Data for processing:
<<<<

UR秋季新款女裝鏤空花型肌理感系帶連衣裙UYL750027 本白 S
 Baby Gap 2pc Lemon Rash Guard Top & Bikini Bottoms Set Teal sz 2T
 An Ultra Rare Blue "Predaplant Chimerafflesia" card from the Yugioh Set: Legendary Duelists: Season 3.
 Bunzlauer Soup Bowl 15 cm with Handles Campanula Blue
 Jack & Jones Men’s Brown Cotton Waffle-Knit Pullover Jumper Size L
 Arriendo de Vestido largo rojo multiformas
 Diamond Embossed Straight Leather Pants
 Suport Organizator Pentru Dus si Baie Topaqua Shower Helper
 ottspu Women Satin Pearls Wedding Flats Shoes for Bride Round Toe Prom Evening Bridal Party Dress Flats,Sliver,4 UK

>>>>

Work order: Retype, exactly as shown, the lines from the one with "Bunzlauer Soup Bowl" through the end of the records.

Solution for this problem:
 Bunzlauer Soup Bowl 15 cm with Handles Campanula Blue
 Jack & Jones Men’s Brown Cotton Waffle-Knit Pullover Jumper Size L
 Arriendo de Vestido largo rojo multiformas
 Diamond Embossed Straight Leather Pants
 Suport Organizator Pentru Dus si Baie Topaqua Shower Helper
 ottspu Women Satin Pearls Wedding Flats Shoes for Bride Round Toe Prom Evening Bridal Party Dress Flats,Sliver,4 UK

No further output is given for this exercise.